Não se questiona o mérito nem a bondade das propostas que têm surgido. Reconhece-se aliás que a Estratégia Nacional agora apresentada propõe uma abordagem com uma amplitude nunca antes testemunhada. Ela vai muito para lá das medidas de caráter punitivo tão típicas deste tipo de propostas circunstanciais, contemplando âmbitos tão relevantes como a promoção da educação para a cidadania, o reforço do processo formativo dos servidores públicos nas componentes da ética, da integridade e da responsabilidade no exercício do serviço público, o envolvimento das Universidades no processo de reforço da consciencialização dos jovens e da sociedade civil relativamente à integridade, ou ainda, uma maior vinculação das entidades públicas e privadas relativamente à adoção de instrumentos de prevenção de riscos.

Independentemente das medidas propostas e aprovadas numa qualquer estratégia de controlo da fraude e da corrupção, são conhecidos alguns pressupostos próprios da natureza do fenómeno da fraude e da corrupção que não podem deixar de ser considerados para se perceber que, como em tudo na vida, não existem soluções perfeitas.

De entre estes circunstancialismos, permito-me destacar os seguintes:

  • As opções por práticas de fraude e corrupção decorrerem do perfil de (menor) integridade dos indivíduos que as praticam.
  • A ocorrência de um ato de fraude ou de corrupção é e sempre será o resultado de uma opção de alguém – do autor.

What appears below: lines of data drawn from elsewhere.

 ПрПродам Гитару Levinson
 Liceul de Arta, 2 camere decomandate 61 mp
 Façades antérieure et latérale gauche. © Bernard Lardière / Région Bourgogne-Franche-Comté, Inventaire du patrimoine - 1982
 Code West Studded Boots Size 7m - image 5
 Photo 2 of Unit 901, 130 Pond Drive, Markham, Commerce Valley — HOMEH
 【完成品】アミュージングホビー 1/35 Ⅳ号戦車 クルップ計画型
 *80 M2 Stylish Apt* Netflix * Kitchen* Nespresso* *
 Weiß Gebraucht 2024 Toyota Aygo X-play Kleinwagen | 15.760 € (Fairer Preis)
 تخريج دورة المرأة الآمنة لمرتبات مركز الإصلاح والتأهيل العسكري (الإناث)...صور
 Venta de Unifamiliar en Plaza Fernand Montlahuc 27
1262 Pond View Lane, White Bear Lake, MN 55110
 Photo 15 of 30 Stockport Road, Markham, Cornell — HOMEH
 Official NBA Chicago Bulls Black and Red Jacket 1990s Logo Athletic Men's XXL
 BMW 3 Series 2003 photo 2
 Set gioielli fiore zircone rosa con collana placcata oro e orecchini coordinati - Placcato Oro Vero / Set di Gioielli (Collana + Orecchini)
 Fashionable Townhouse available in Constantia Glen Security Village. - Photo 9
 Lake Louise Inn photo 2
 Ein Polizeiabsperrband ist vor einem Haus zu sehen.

Deste ponto de vista, as medidas que apostem na educação para a cidadania, no reforço da interiorização dos valores da ética e na formação para a integridade podem ser perspetivadas segundo lógicas de prevenção de médio ou mesmo de longo prazo.
  • Apesar de considerar que a maioria das pessoas numa sociedade revela sinais de ser tendencialmente íntegra, importa perceber que qualquer organização, pública ou privada, pode integrar nas suas estruturas, em qualquer função e posição hierárquica, pessoas com menores índice de integridade, e que estes perfis são em regra muito difíceis de detetar precocemente, se alguma vez chegarem a ser detetados. Afinal “quem vê caras, não vê corações”. Se associarmos a estes perfis de menor integridade, elevados índices de racionalidade, facilmente percebemos as razões que nos levam a assumir que inexistem medidas de prevenção perfeitas sobre a fraude e a corrupção.
  • Será bom que nunca se perca de vista que qualquer organização, pública ou privada, pode contar nas suas fileiras com servidores menos íntegros. Alguns dos quais com elevados índices de capacidade intelectual para desafiar e contornar com sucesso sistemas de controlo muito complexos e de elevada sofisticação.
  • O factor oportunidade revela-se igualmente importante na equação das determinantes da fraude e da corrupção. Para que haja fraude e corrupção é necessário que haja oportunidade para que tal suceda. Este fator surge diretamente associado à natureza das funções que são desenvolvidas pela organização. Os instrumentos de prevenção de riscos de fraude e corrupção nas organizações visam sobretudo identificar estas oportunidades associadas a cada tarefa, e estabelecer e adotar um quadro de medidas preventivas considerado potencialmente adequado.
  • A presença de um colaborar menos íntegro, com elevada capacidade intelectual, a um lado, perante uma oportunidade associada às tarefas que exerce no seio da organização onde exerce funções, a outro, são as grandes determinantes da fraude e da corrupção nas organizações.
  • A fraude e a corrupção são fenómenos com elevadas taxas de ocultação, ou de “cifras negras”, dados os índices de racionalidade que em regra marcam os circunstancialismos da sua ocorrência, como se verificou acima. 

Enfim, para terminar recorro ao desabafo de um amigo pessoal, que há uns tempos, em circunstância idêntica à atual, afirmava que “a única forma de combater com boa eficácia a criminalidade associada à fraude e à corrupção passa pela despenalização desses crimes no código penal”. De outro modo, o mais provável será que continuemos a ter notícias e sinais da ocorrência de fraude e corrupção um pouco por todo o lado, nas organizações públicas e privadas.